In August 1942, Hitler further described Switzerland as "a pimple on the face of Europe" and as a state that no longer had a right to exist, denouncing the
Swiss people as "a misbegotten branch of our
Volk."
[3] From a Nazi viewpoint, Switzerland, as a small, multilingual, decentralized democracy where
German-speakers felt more of an affinity with their
French-speaking fellow Swiss citizens than towards the German speaking people living across the border, was the antithesis of the racially homogeneous and collectivised "
Führer State".
[4] Hitler also believed that the independent Swiss state had come into existence at a time of temporary weakness of the
Holy Roman Empire, and now that German power had been re-established after the
National Socialist takeover, the independent country of Switzerland had become obsolete.
[4]
Although Hitler despised the democratically-minded German Swiss as the "wayward branch of the German people", he still acknowledged their status as Germans.
[5] Furthermore, the openly
pan-German political aims of the Nazi party called for the unification of all Germans into a
Greater Germany, which included the Swiss people.
[2] The first goal of the 25-point
National Socialist Program stated that "We [the National Socialist Party] demand the unification of all Germans in the Greater Germany on the basis of the people's right to self-determination."
[6]
In their maps of Greater Germany, German textbooks included the
Netherlands,
Belgium,
Austria,
Bohemia-Moravia, the German-speaking parts of Switzerland, and western
Poland from
Danzig (
Gdańsk in Polish) to Krakau (
Kraków).

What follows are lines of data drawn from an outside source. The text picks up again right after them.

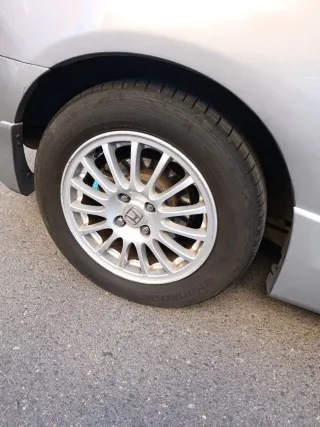 Llantas multirradio en R15 4x100 Llantas honda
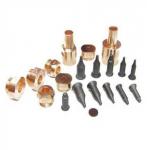 Construction Work Anti Abrasive KCF Alloy Welding Pin for sale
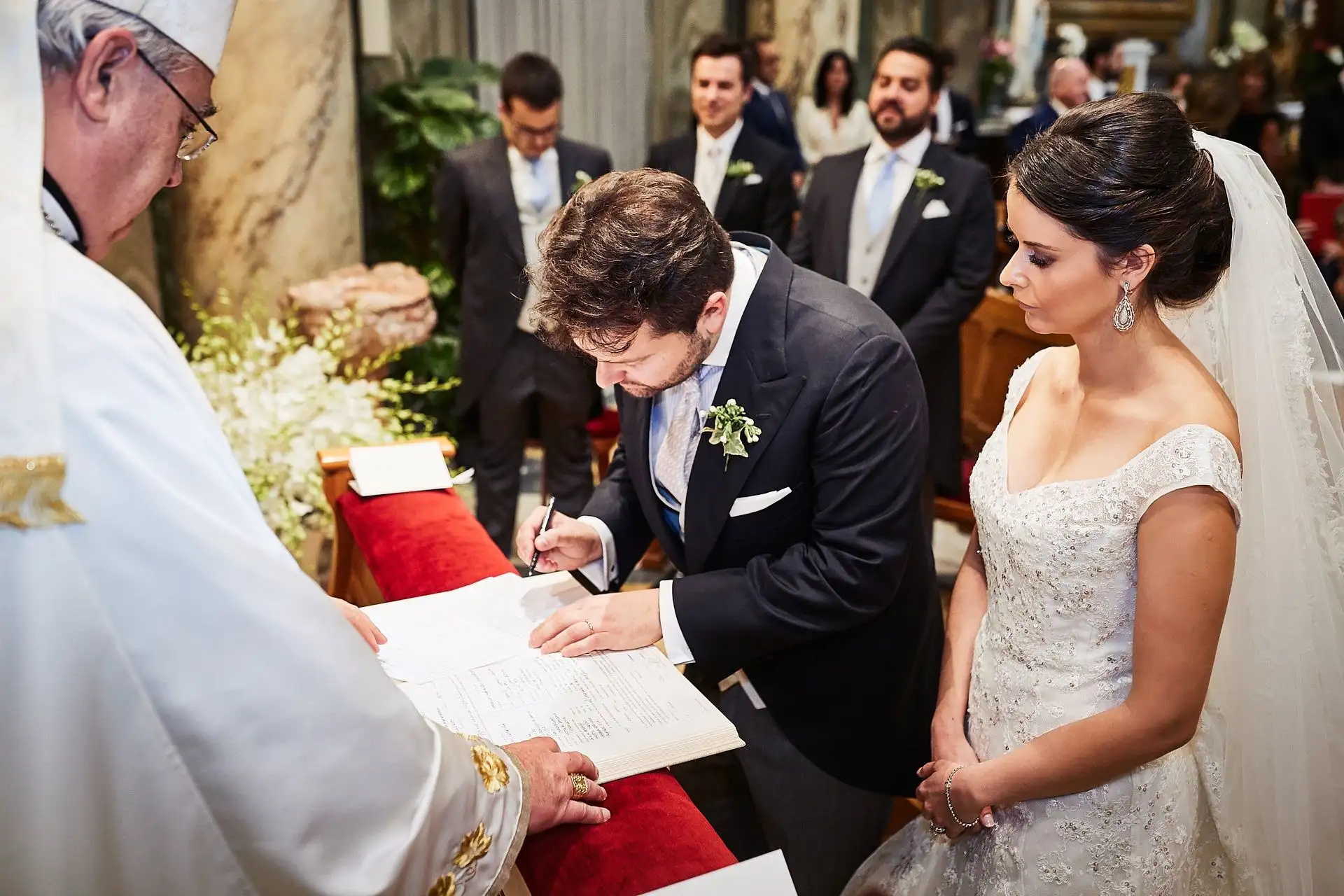 castello odescalchi wedding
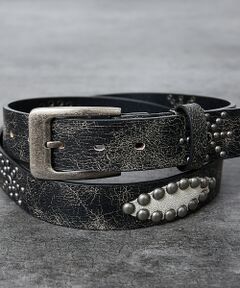 レザー ローラーバックル ベルト （ベルト・サスペンダー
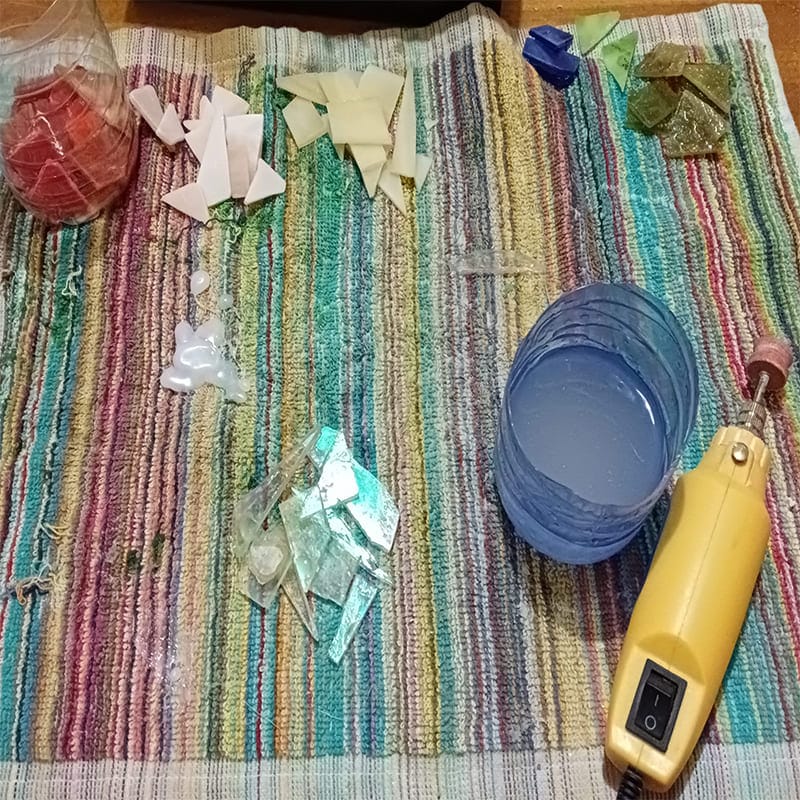 candleholder materials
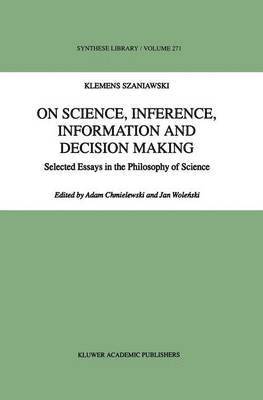 bokomslag On Science, Inference, Information and Decision-Making
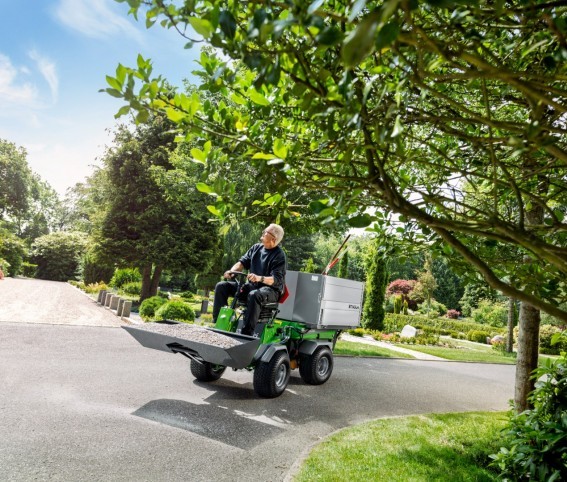 EGH E90101361 ŁOPATA PRZECHYLNA, HYDRAULICZNA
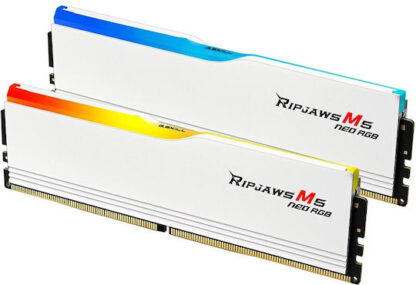 G.Skill Ripjaws M5 Neo RGB 64GB DDR5 RAM με 2 Modules (2x32GB) και Ταχύτητα 6000 για Desktop Κωδικός: F5-6000J3636F32GX2-RM5NRW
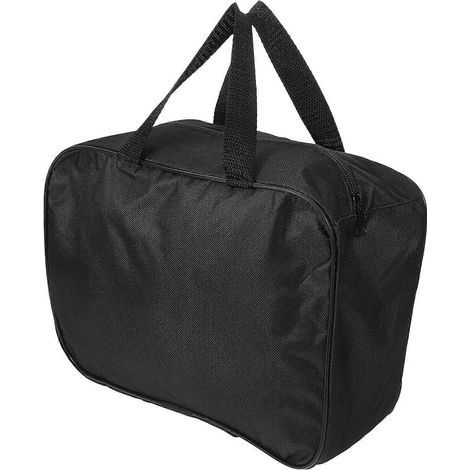 Sacoche pour pompe à pneus de voiture, sac de transport pour pompe à pneus portable, sac de rangement pour pompe à pneus de voiture-28.50X20.50X11.50CM-Black (1/2)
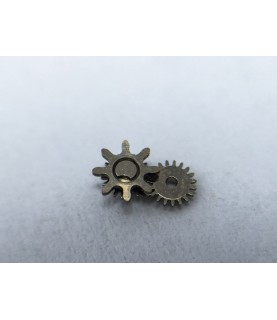 Tag Heuer caliber 1887 sliding gear, mounted part
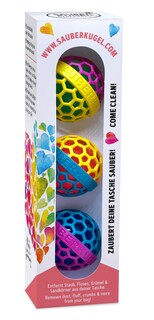 Foto 2 | Cleaning Ball Sauberkugel Mantiene Limpias Bolsas y Carteras - Venta Internacional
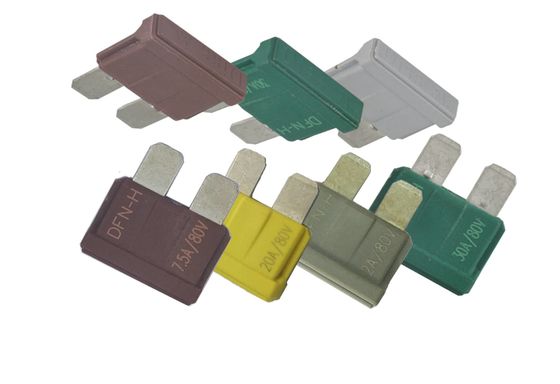 低電圧の容量を壊す速い打撃のヒューズ80volt 75 Amp 80VDC DC1000A:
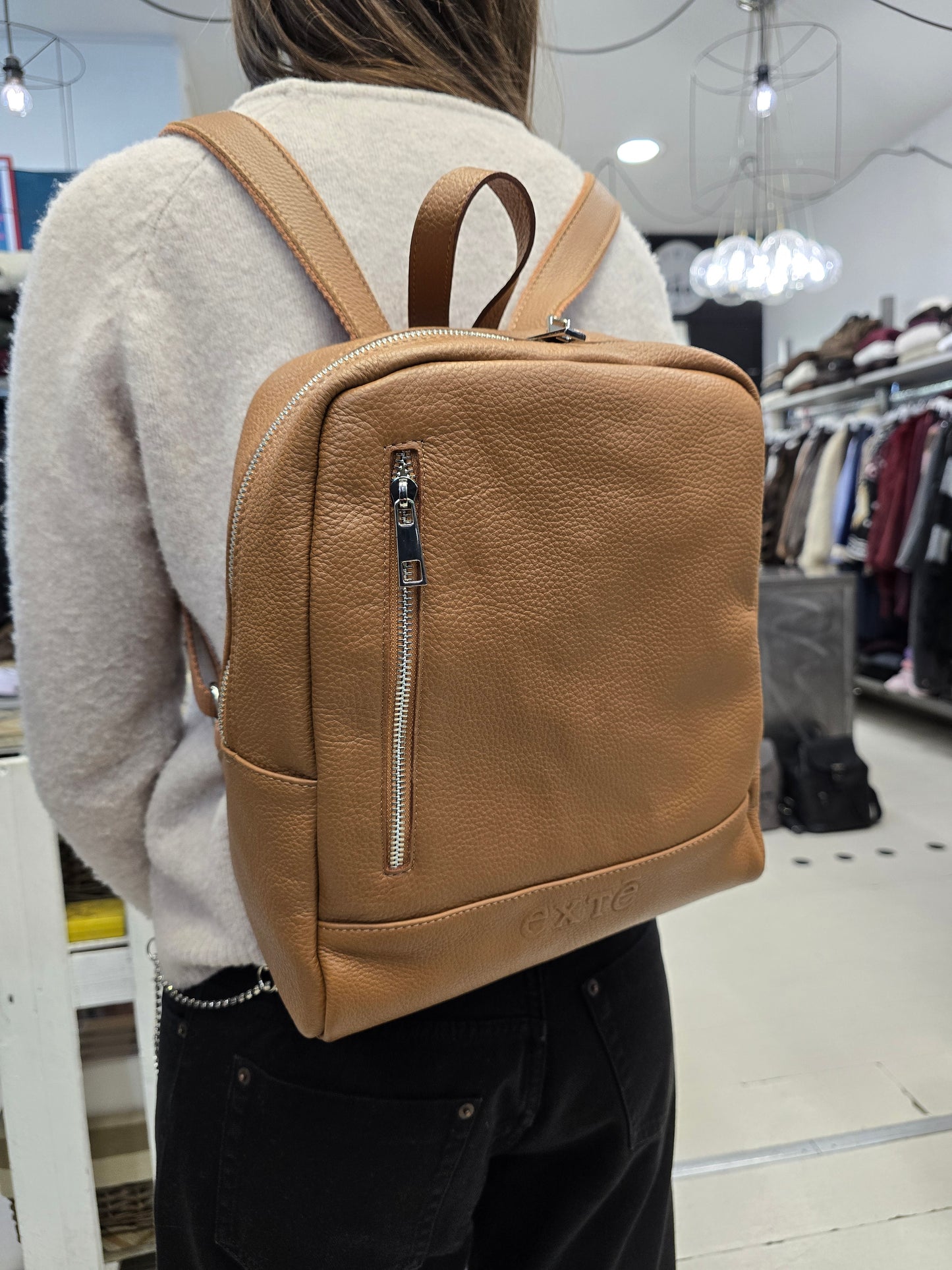 Zaino Pelle Unisex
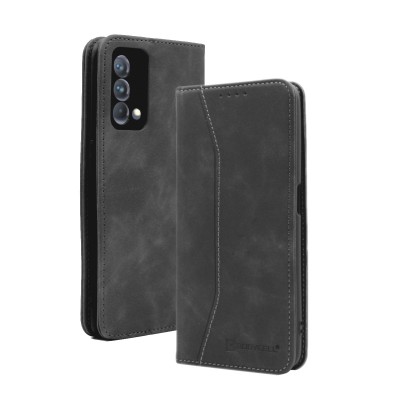 Bodycell Book Case Pu Leather Realme GT Master Edition 5G Black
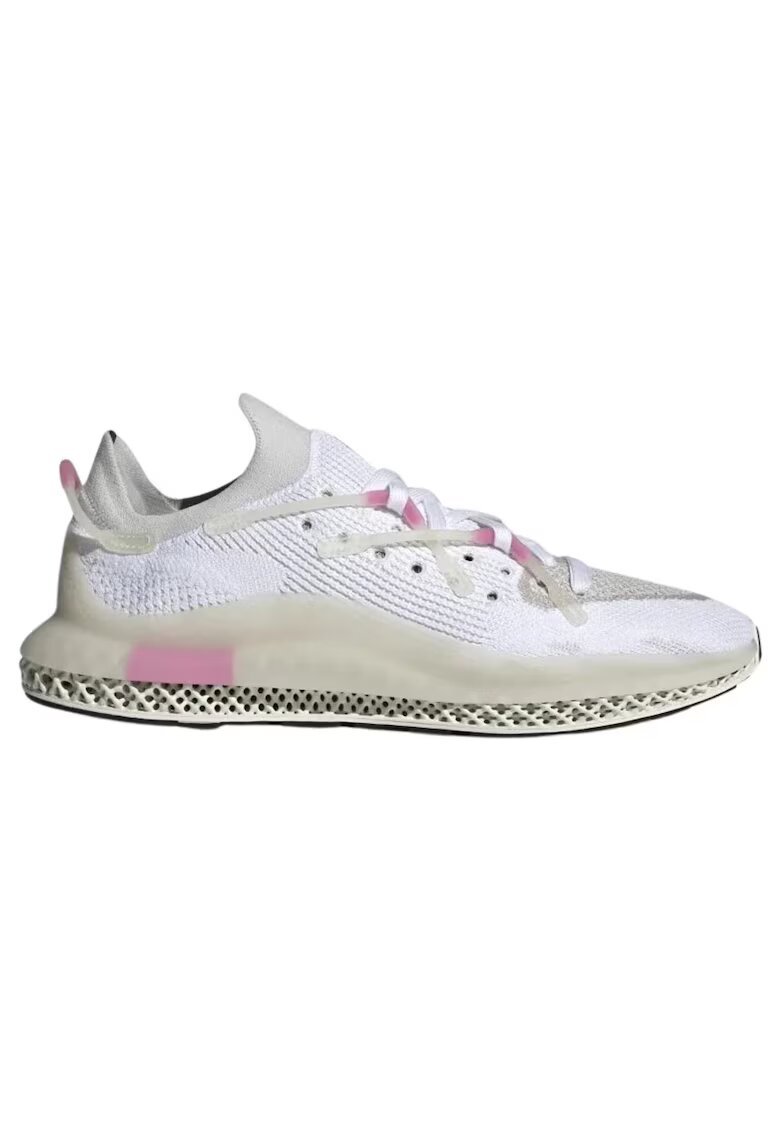 adidas Мъжки спортни обувки 4D Fusio - бели - текстилен материал - гумена подметка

Ignoring Switzerland's status as a sovereign state, these maps frequently showed its territory as a German
Gau.
[2] The author of one of these textbooks,
Ewald Banse, explained, "Quite naturally we count you Swiss as offshoots of the German nation, along with the
Dutch, the
Flemings, the
Lorrainers, the
Alsatians, the
Austrians and the
Bohemians ... One day we will group ourselves around a single banner, and whosoever shall wish to separate us, we will exterminate!"
[7] Various Nazis were vocal about the German intent to "expand Germany's boundaries to the farthest limits of the old Holy Roman Empire, and even beyond."